● TASK: What should be copied is the stretch of entries below from the line with "Toyota Corolla Cross vaihtoauto" up to and including the line with "Unbranded 100% Polyester", exactly and without images.
(DATA SUPPLIED Opens)
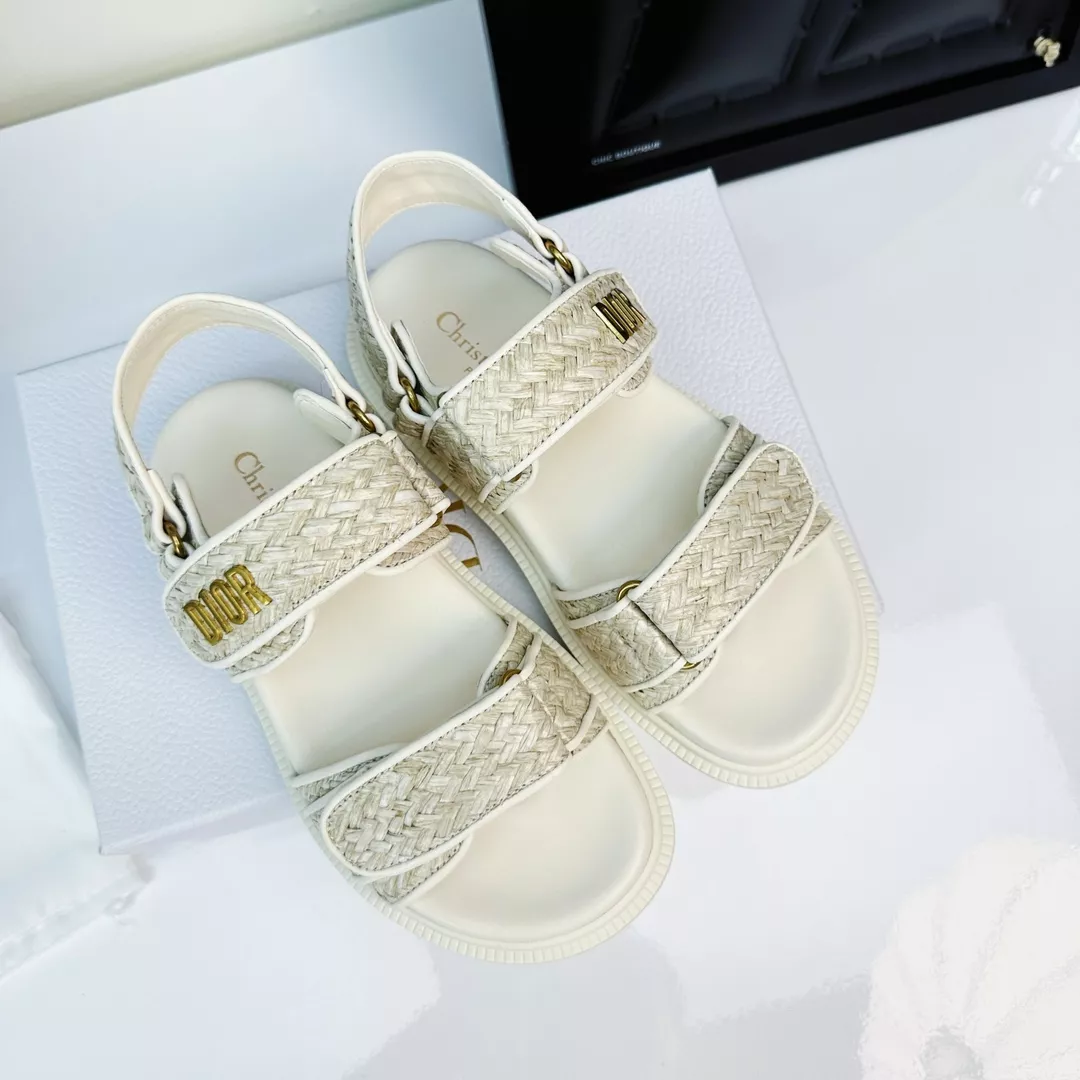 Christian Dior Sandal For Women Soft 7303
(DATA SUPPLIED Closes)
(DATA SUPPLIED Opens)
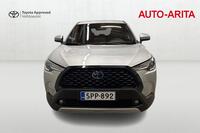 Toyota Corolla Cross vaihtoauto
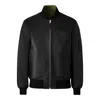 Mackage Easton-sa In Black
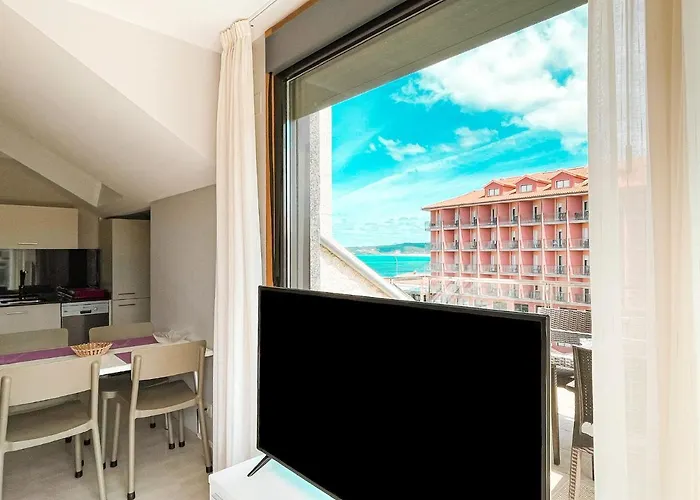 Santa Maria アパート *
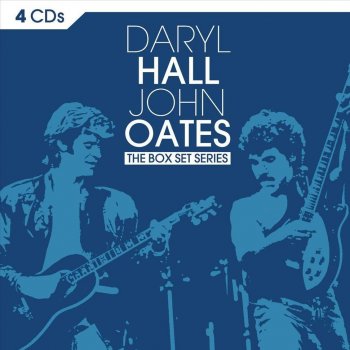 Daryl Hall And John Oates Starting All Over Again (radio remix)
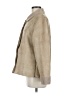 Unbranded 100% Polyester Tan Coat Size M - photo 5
(DATA SUPPLIED Closes)
● SOLUTION FOR THIS EXERCISE:
 Toyota Corolla Cross vaihtoauto
 Mackage Easton-sa In Black
 Santa Maria アパート *
 Daryl Hall And John Oates Starting All Over Again (radio remix)
 Unbranded 100% Polyester Tan Coat Size M - photo 5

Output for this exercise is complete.